But perhaps the most striking experience of encountering a ‘different space’ that seemed to reverberate with Foucault’s principles and features of heterotopia occurred when attending various music festivals, in particular the now hugely celebrated Glastonbury Festival in the UK.
Since its inception in 1970, Glastonbury has become the biggest green-field music and performing arts festival in the world and a model for many other festivals. Similarities with Foucault’s brief sketch of heterotopia seemed to include how the vast, teeming space grows. suddenly and then disappears each year; how the space marks both a temporal and spatial break, how it features a play of the ‘transient and precarious’ as well as a ‘system of opening and closing’, how it involves a series of rituals and, finally, how it incorporates various utopian themes.

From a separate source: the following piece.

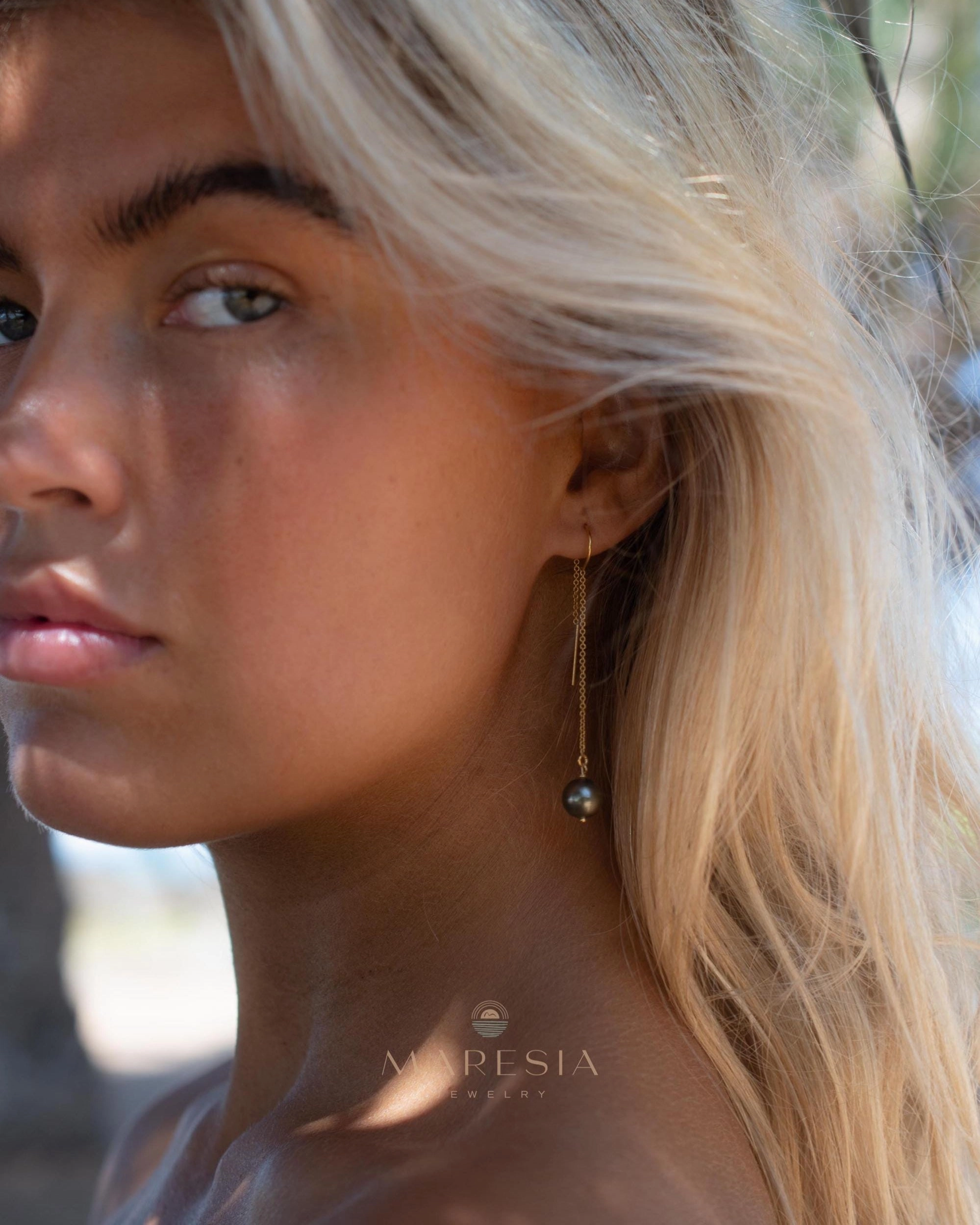 Tahitian Pearl Earrings ~ 14k Gold Filled ~ ME011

The festival might seem a rather clichéd example, but it struck me that taking Foucault’s spatial precepts threw a new light on how it functions without drawing upon two standard and opposing interpretations: a Bakhtinian example of the ‘carnivalesque’, expressing a utopian space that utterly disrupts the usual hierarchies of power, or an example of Adorno’s notion of reification, where modern ‘culture impresses the same stamp on everything’.
Foucault’s approach seemed to not so much attempt to synthesise these opposites in some dialectical process, but take a different direction altogether, an analysis that captured a certain ambiguity that belies the perennial complaints that the festival is ‘not like it used to be’. The festival is a hugely successful and thoroughly organised event that provides glimpses of a different world, disrupting for a short while the familiar landscape. The organiser, Michael Eavis, hesitantly suggests that it might sound ‘corny, (but) well, it’s a kind of utopia, really, something outside of the normal world we live in’ (an image taken from my tent at the Glastonbury Festival 2010 is therefore the banner image for this site). Heterotopia=a fragment of utopia, or utopian debris?